__Input data__:
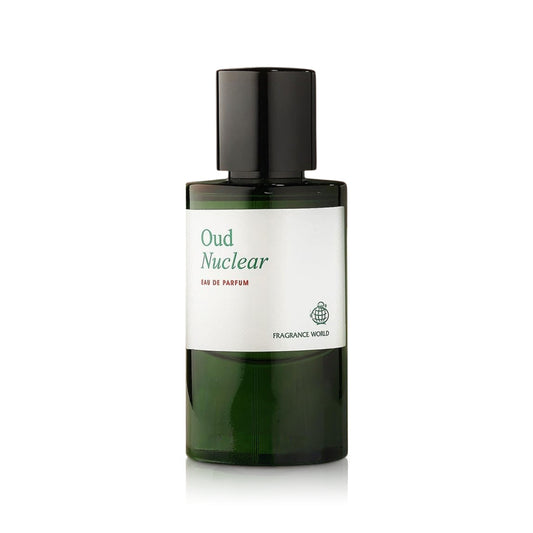 Fragrance World Oud Nuclear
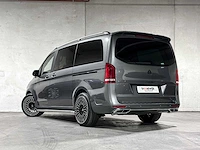 Mercedes-benz v220d lang maybach dc avantgarde 163pk 2020 v-klasse, v-99-fpz - afbeelding 9 van  42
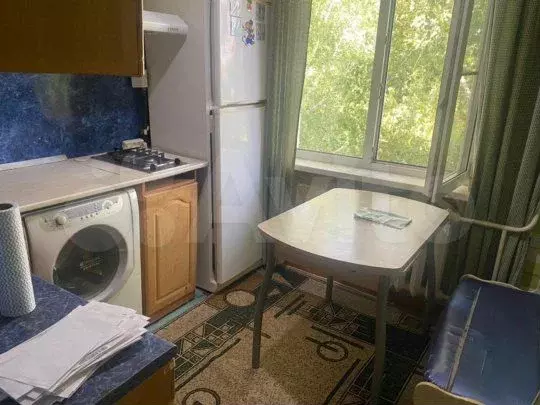 1-к. квартира, 36 м, 5/5 эт. - Фото 1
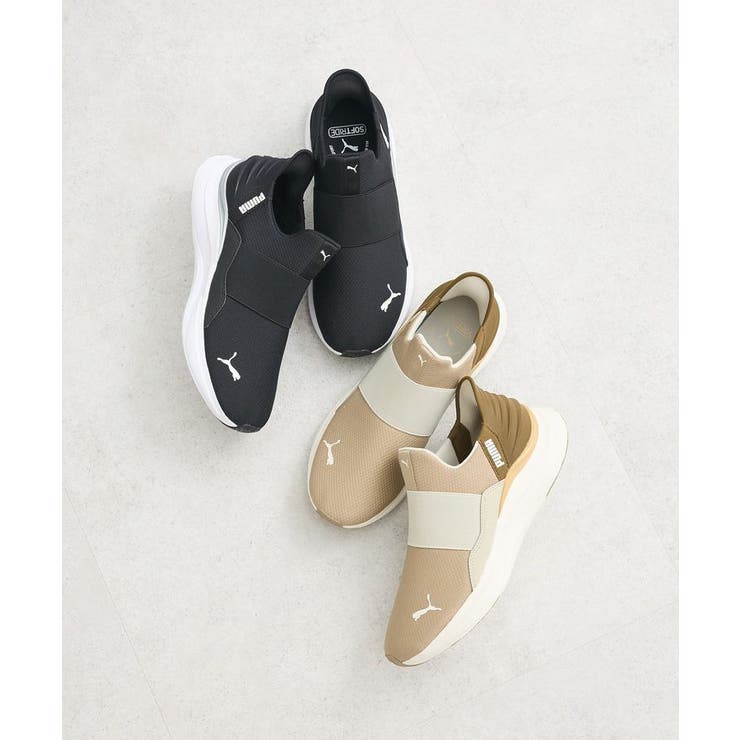■PUMA EASE IN | Green Parks  | 詳細画像1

__What is expected__:
Only the pictures are to be dropped; all other material above must be repeated exactly.

__Your response__:
 Fragrance World Oud Nuclear
 Mercedes-benz v220d lang maybach dc avantgarde 163pk 2020 v-klasse, v-99-fpz - afbeelding 9 van  42
 1-к. квартира, 36 м, 5/5 эт. - Фото 1
■PUMA EASE IN | Green Parks  | 詳細画像1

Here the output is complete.